Step 5. Take a hard look in the mirror. You’re doing this! One final phase to go: pruning. I strongly suggest a balanced approach to your goals. Reality checks are important, but be careful not to “rain on the parade” and under-plan. Work as a couple here, and play to strengths. You both know who is the optimist and who is the pessimist (i.e., the realist 🙂 (In our family, my wife and I know this is wholly me). As an exercise, try to focus on the 5 most important objectives for each bucket item (in Step 3) you would like to accomplish as a family.
Suggested Objectives for your Family’s Financial Plan
Let me start by saying your list should be your own, and this is not intended to be a “one size fits all” approach. Make sure you have invested in the plan you and your spouse built, have “buy-in” to achieve the outcome together!
However, if you’re looking for a few suggestions, here are some that I’ve come across during my research. My wife and I also have worked on some, and continue to work on others! I hope this list is a thought-provoking list for you.
SHORT-TERM/ IMMEDIATE GOALS (less than 1 year)
- Get on a Budget and Maintain a Budget
- Establish an Emergency Fund
- Buy Life Insurance
- Setup your Essential Accounts: HSA, 401(k), IRA (Roth, traditional)
Medium-term Goals (1-3 years)
- Create and Establish Living Trust
- Dream BIG(GER), review and revamp goals as needed
- Side-Gig (think Phase 1 and 2 from Rachel’s book)
- Aggressively Hammer away at Debt
Longer-term Goals (4+ years)
- College Savings
- Wedding Savings
- Recreational Investing
- Down Payment for Home, or Investment Property
Retirement Goals (10+ years, varies)
- Fine-tune your 401(k), IRAs, HSAs,
- Continue to review the Living Trust
- Estate Management and an Inheritance
- Insurance (Long-term Care, Life, etc.)
Family Finances: Working with a Family Financial Advisor
Following the steps outlined above will give you a template to work off of, but sometimes that’s just not enough and a professional might be required. Especially for highly nuanced or complicated financial matters. At any rate, know your limit, and don’t be afraid to enlist the professional services of a Family Financial Advisor.
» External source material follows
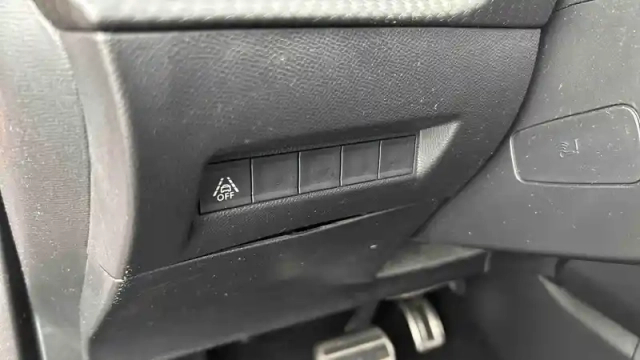 Peugeot 2008 puretech 130 s&amp;s eat8 — photo 106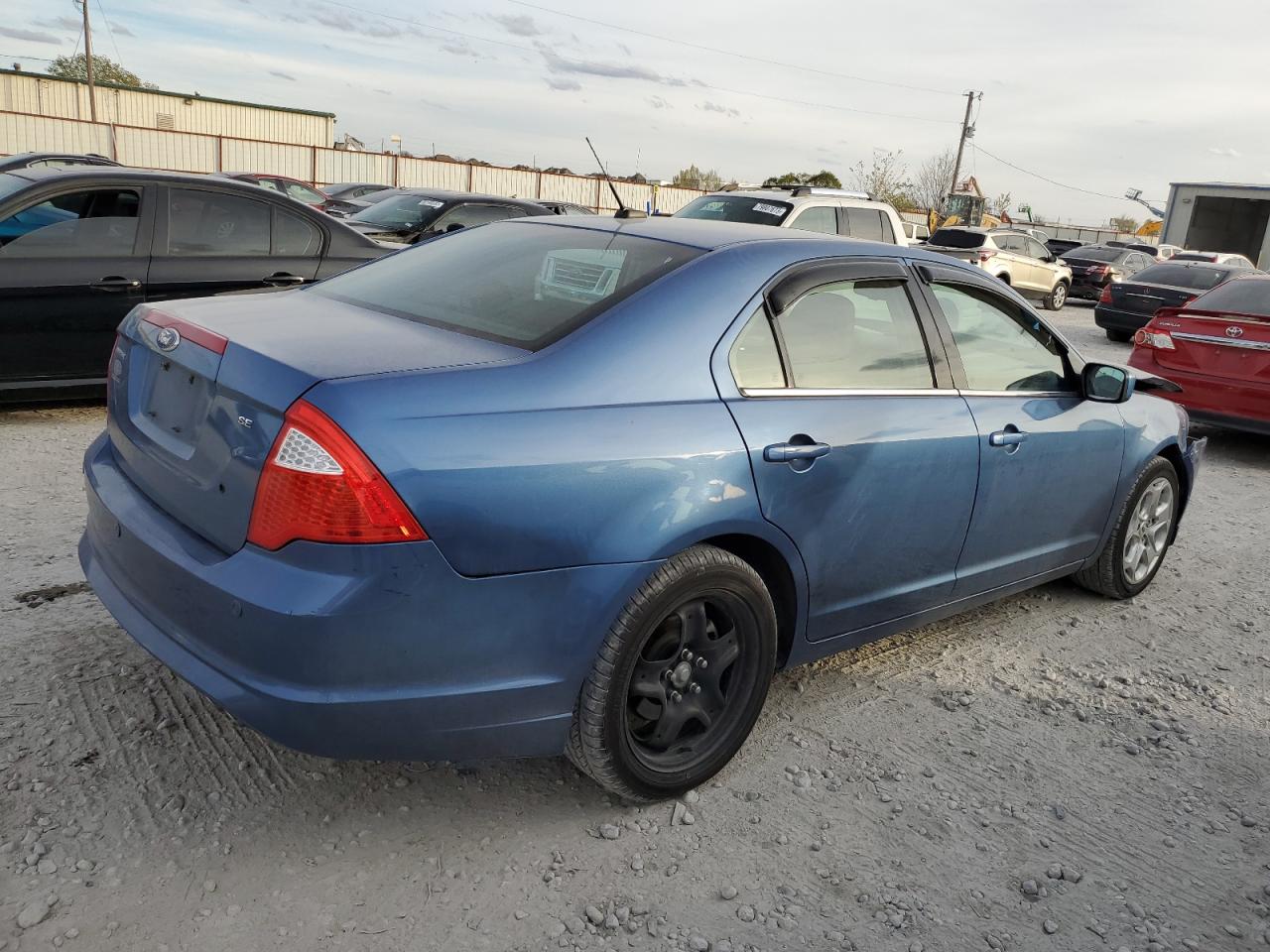Obraz 3 z 2010 FORD FUSION SE 2010 z VIN 3FAHP0HAXAR400750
There are always “wolves in sheep’s clothing” wandering around, and a few careful intentional questions and research can save you a lot of pain and money. Warning aside, if that route is what you need, I recommend asking people you trust for referrals or recommendations on services. My wife and I found an excellent attorney and accountant this way, and they form the bulwark of our family financial advisor questions.
I highly recommend doing your homework and asking potential advisors for reviews or referrals to corroborate their stories. Another important piece to consider is how they are going to charge you. Is it a flat rate? Is it by the hour? Upon delivery of a product (e.g. Living Trust)? Additionally, ask them for an explanation of their relative area of expertise. Are you using a general advisor, or is this person qualified to speak to technical financial areas within the realm of “family finances”? Check out more suggested questions, here.
Mêtis in our Family Finances
My wife and I started small, climbed, climbed some more, and are still climbing. I don’t think we’ll ever truly be “done” with family financial planning, and I’m really proud of the progress we’ve made so far.
Modest milestones for us were hitting our emergency fund goal, successfully operating our budget each week, establishing a living trust, setting up life insurance, and paying off $50K of debt. I say this not to brag, but to encourage those who are getting started. You’ll be surprised and encouraged by what you can do in a relatively short time!